Biosphere / Deathprod: Stator
Touch

Certainly one key for unlocking this split album by Norwegian artists Biosphere (Geir Jenssen) and Deathprod (Helge Sten) lies in its title, for which two definitions are provided in the accompanying press release: in terms of electrical engineering, stator refers to “the stationary part of a rotary machine or device, especially of a motor or generator”; in an aeronautical context, the term refers to a “system of non-rotating radially arranged parts within a rotating assembly, especially the fixed blades of an axial flow compressor in a gas turbine.” Put simply, stator naturally has to do with stasis, yet movement is also part of the mix, too. Stator isn't the first time the two have worked together, by the way: in 1999 they released a reconfiguration of composer Arne Nordheim's music called Nordheim Transformed. The fundamental difference between the two projects is that the material on Stator is fully original, with three tracks credited to Biosphere and four to Deathprod (who also mastered the recording at his Audio Virus Lab).

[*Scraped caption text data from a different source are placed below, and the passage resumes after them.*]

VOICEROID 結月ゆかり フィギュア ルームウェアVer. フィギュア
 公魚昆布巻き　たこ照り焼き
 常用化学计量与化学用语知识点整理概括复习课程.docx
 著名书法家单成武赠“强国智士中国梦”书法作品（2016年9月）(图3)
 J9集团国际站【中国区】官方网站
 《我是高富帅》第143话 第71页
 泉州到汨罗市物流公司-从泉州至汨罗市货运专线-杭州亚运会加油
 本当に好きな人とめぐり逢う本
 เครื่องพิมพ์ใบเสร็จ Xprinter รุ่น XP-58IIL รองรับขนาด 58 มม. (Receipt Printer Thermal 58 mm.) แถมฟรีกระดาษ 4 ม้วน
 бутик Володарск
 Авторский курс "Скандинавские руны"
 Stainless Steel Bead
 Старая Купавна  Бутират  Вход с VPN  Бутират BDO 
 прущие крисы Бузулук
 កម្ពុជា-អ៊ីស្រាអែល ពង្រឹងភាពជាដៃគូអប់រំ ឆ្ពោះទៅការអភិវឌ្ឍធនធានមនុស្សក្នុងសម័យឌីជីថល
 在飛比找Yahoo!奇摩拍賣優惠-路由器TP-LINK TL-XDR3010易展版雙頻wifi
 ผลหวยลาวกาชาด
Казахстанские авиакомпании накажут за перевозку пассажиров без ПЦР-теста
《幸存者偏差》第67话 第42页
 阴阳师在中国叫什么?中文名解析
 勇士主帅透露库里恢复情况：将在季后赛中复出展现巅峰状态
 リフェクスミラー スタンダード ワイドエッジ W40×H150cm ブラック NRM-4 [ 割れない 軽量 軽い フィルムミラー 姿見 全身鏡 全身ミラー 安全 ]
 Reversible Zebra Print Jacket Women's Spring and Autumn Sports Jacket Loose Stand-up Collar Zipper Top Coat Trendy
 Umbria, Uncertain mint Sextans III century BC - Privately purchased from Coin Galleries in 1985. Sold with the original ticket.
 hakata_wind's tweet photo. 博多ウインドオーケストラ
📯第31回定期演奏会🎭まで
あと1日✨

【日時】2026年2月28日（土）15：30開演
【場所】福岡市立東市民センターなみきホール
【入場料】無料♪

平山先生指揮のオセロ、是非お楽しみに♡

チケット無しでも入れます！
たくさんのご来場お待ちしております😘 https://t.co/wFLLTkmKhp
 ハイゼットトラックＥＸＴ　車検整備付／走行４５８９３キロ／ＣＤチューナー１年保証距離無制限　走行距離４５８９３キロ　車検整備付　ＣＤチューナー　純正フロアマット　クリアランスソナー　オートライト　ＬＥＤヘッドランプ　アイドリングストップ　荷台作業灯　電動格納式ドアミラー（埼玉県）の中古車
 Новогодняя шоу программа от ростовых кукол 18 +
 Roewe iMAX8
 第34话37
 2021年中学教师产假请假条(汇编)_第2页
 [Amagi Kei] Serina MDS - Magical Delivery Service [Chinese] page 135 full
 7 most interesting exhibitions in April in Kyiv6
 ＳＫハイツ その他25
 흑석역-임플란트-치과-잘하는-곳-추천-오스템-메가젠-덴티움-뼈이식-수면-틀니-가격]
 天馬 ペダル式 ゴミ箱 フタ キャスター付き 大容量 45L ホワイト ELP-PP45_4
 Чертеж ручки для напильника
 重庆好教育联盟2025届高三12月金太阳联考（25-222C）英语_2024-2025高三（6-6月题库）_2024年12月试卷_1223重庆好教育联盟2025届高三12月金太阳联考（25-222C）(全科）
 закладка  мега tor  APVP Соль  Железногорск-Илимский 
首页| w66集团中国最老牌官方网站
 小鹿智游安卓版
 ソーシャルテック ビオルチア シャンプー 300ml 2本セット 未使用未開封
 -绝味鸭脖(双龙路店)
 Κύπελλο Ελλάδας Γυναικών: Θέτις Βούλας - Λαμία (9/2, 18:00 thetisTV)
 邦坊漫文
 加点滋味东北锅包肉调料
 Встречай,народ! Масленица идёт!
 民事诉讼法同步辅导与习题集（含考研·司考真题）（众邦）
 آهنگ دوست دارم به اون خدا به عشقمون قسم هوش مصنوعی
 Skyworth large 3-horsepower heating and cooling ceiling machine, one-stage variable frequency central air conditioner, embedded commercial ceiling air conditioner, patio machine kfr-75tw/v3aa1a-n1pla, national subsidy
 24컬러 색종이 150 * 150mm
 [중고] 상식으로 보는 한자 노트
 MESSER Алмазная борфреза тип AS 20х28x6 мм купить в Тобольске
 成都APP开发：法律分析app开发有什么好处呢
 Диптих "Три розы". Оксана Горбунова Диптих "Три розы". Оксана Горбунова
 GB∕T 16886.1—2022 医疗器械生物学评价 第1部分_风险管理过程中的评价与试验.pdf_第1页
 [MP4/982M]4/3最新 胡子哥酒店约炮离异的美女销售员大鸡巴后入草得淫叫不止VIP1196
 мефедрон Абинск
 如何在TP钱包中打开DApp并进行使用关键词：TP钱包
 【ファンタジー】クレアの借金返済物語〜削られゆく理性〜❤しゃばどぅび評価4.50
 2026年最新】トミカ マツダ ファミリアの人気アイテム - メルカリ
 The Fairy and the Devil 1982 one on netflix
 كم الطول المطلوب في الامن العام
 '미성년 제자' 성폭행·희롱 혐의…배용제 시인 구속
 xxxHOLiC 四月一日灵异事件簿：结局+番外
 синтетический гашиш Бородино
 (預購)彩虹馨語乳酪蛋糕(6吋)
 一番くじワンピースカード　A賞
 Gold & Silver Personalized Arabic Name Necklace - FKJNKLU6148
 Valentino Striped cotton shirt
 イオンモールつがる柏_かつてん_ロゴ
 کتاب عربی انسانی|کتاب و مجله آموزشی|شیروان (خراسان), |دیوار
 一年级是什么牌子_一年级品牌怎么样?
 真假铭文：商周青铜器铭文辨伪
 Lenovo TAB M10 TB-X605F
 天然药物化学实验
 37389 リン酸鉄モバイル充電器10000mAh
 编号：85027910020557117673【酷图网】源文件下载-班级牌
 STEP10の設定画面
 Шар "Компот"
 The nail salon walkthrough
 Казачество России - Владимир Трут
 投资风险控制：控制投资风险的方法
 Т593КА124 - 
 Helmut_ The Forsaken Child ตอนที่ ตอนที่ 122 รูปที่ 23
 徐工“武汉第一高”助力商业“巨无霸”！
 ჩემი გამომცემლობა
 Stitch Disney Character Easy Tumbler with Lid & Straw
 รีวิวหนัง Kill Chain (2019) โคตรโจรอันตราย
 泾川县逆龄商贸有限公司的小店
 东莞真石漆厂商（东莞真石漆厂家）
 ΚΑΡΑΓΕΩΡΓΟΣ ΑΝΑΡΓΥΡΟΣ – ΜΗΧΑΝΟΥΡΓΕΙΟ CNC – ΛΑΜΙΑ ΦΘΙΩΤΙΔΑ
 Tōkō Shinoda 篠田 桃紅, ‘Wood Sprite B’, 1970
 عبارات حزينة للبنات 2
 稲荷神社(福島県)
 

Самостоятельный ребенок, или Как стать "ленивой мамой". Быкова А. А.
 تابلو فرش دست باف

While the artists' tracks are complementary, they're also reflective of their different styles. In characteristic Biosphere style, sonar-like blips punctuate repeated exhales of gaseous emissions during “Muses-C,” which derives its strongest sense of animation from a bright, rather dubwise bass-and-percussion combination. “Baud” and “Space is Fizzy” exude rhythmic thrust, too, but are more notable for the cumulative impact of their sound design. Pulling the listener's attention away from a kinetic bass-prodded pulse slithering through “Space is Fizzy,” for instance, are clockwork melodic patterns and percussive accents.

Deathprod's opening salvo “Shimmer/Flicker” is as macabre as anything else in Sten's catalogue, even if the aggressiveness of its harrowing opening episode gives way to something a little less nightmarish (if still unsettling) in the second half. His major strike arrives at album's end in the form of “Optical,” which swells into a billowing cloud mass in classic Deathprod fashion during its ten-minute run. That said, Sten largely hews to the quieter side of the sonic realm in his pieces without sacrificing anything in the way of atmospheric suggestiveness.

Admittedly Stator, while a perfectly credible account of the two artists and their respective approaches, won't be remembered as the album most representative of the artists' best work, which are generally considered to be 1997's Substrata for Biosphere and the 2004 box set for Deathprod (though arguments also could be made on behalf of Biosphere's Shenzou and Autour de la lune and Deathprod's Morals and Dogma on that count). Even so, Stator lives up to the implicit conceptual promise of its title in the way its seven settings reconcile stasis and movement.